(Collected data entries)

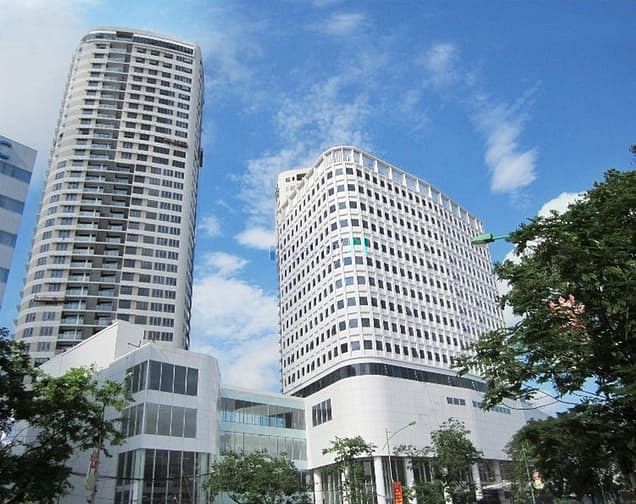 Tòa nhà D11 Sunrise Building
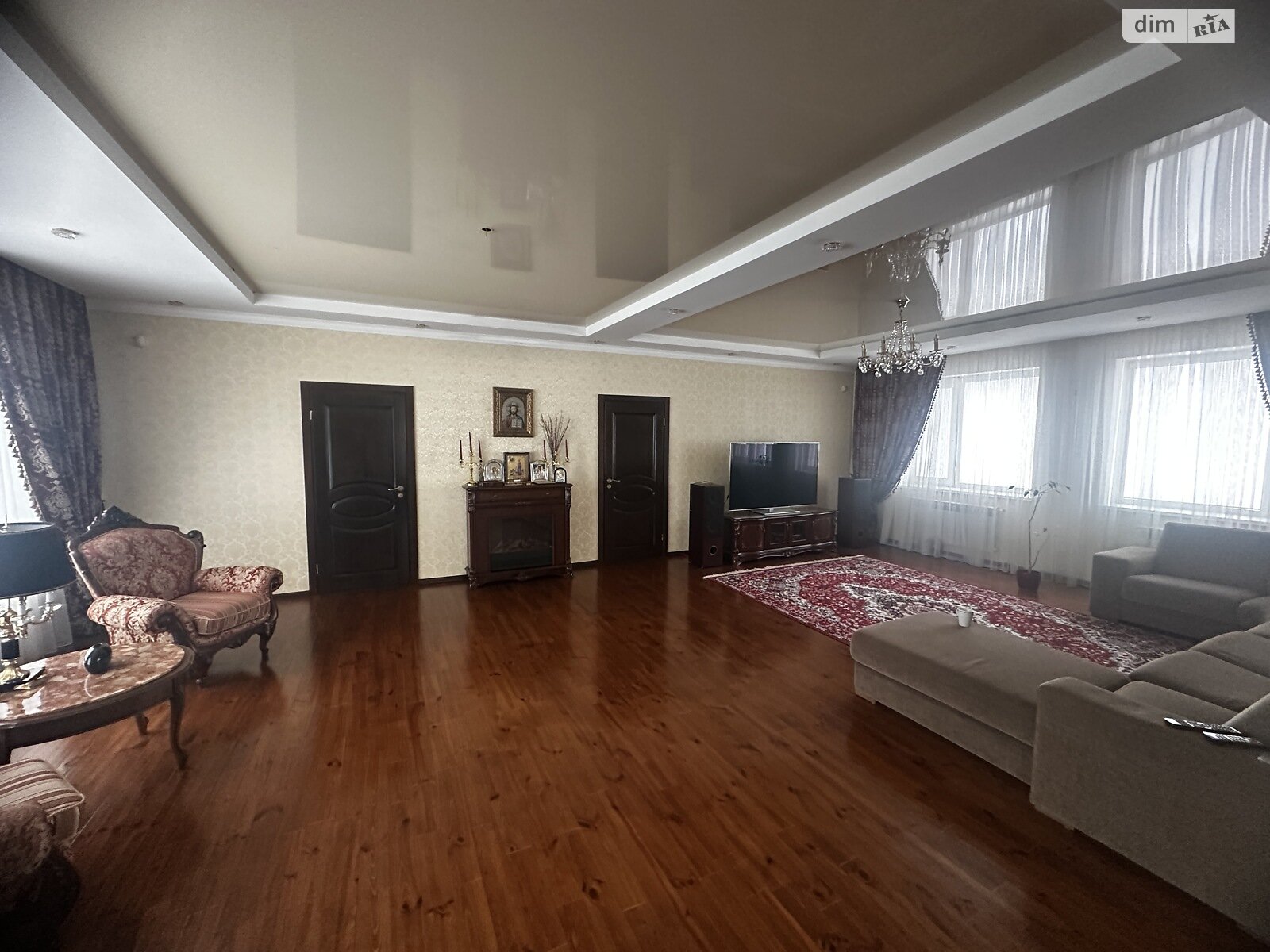 двухэтажный дом с гаражом, 235.6 кв. м, кирпич. Продажа в Сумах район Ковпаковский фото 1 двухэтажный дом с гаражом, 235.6 кв. м, кирпич. Продажа в Сумах район Ковпаковский фото 1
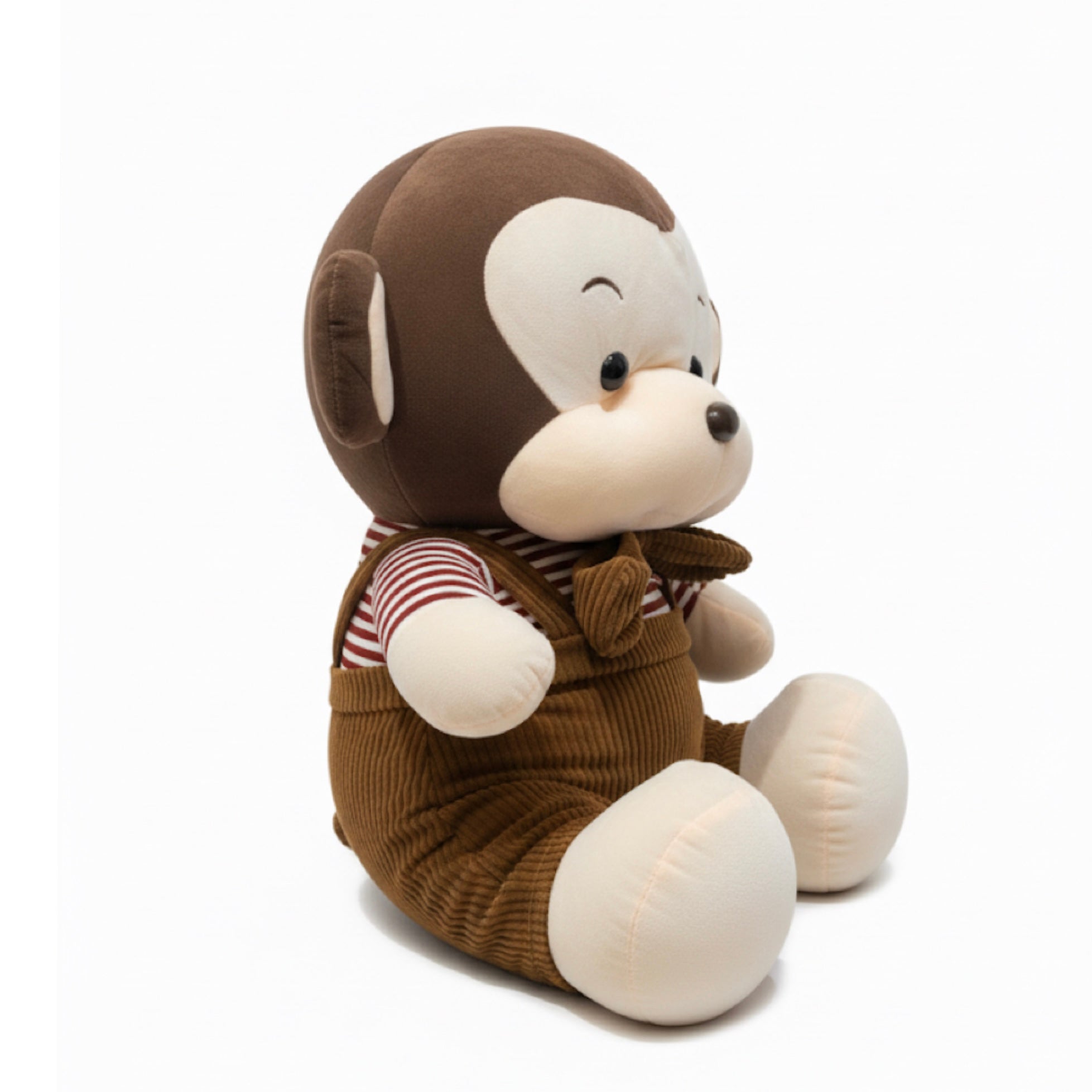 Large Monkey Plush Toy
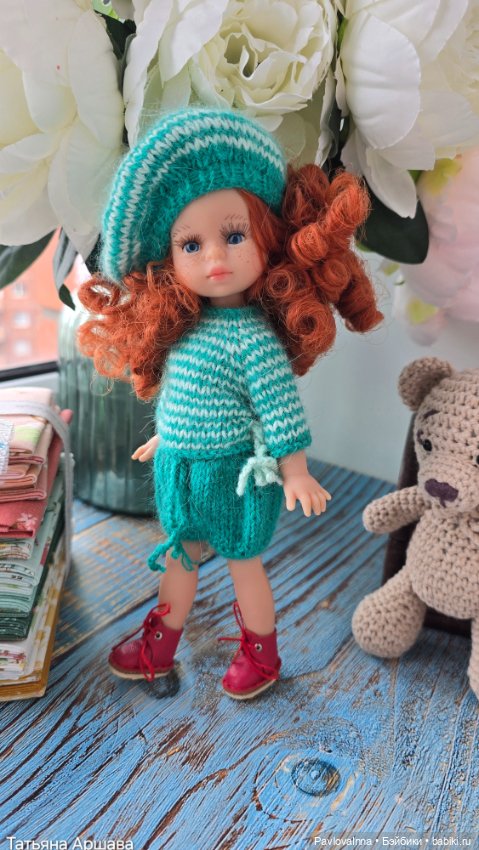 Комплекты для мини паолочек (фото 5)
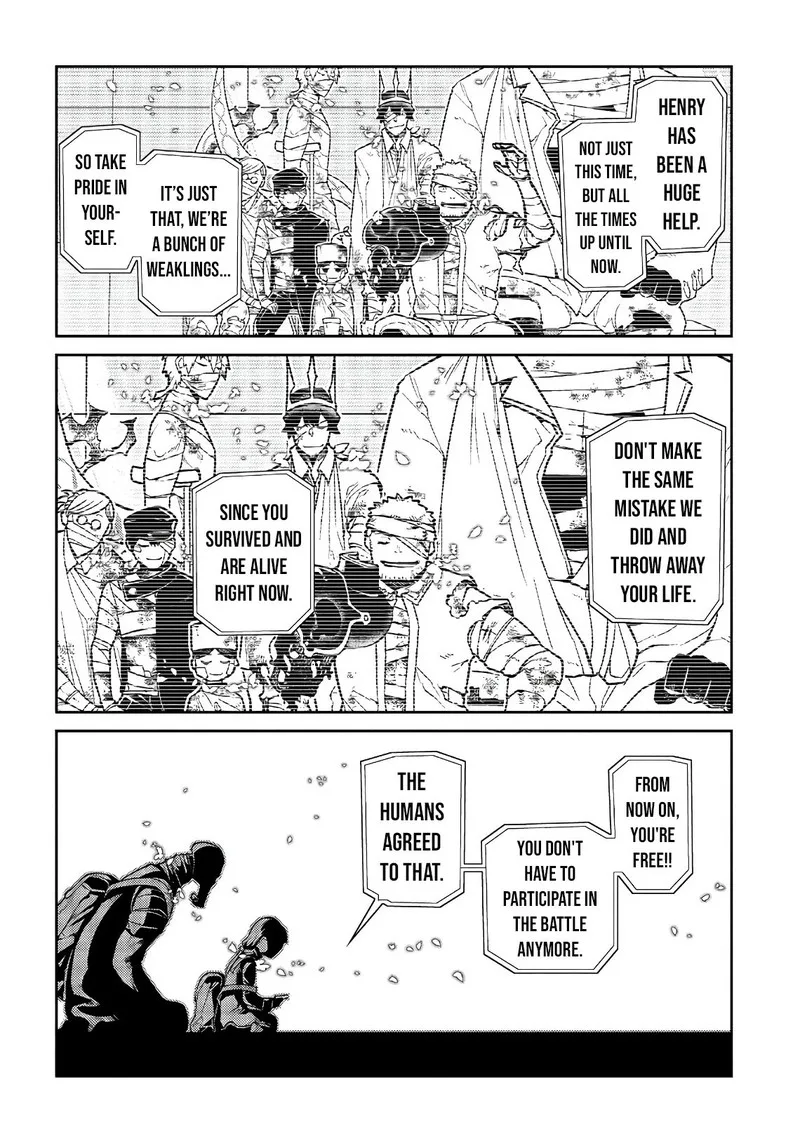 Reincarnation no Kaben Chapter 54 page 16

- How to complete this task
Give back exactly the lines from the one containing "Large Monkey Plush Toy" to the final line of the entries, both included, and no picture.

- Result of this task
 Large Monkey Plush Toy
 Комплекты для мини паолочек (фото 5)
 Reincarnation no Kaben Chapter 54 page 16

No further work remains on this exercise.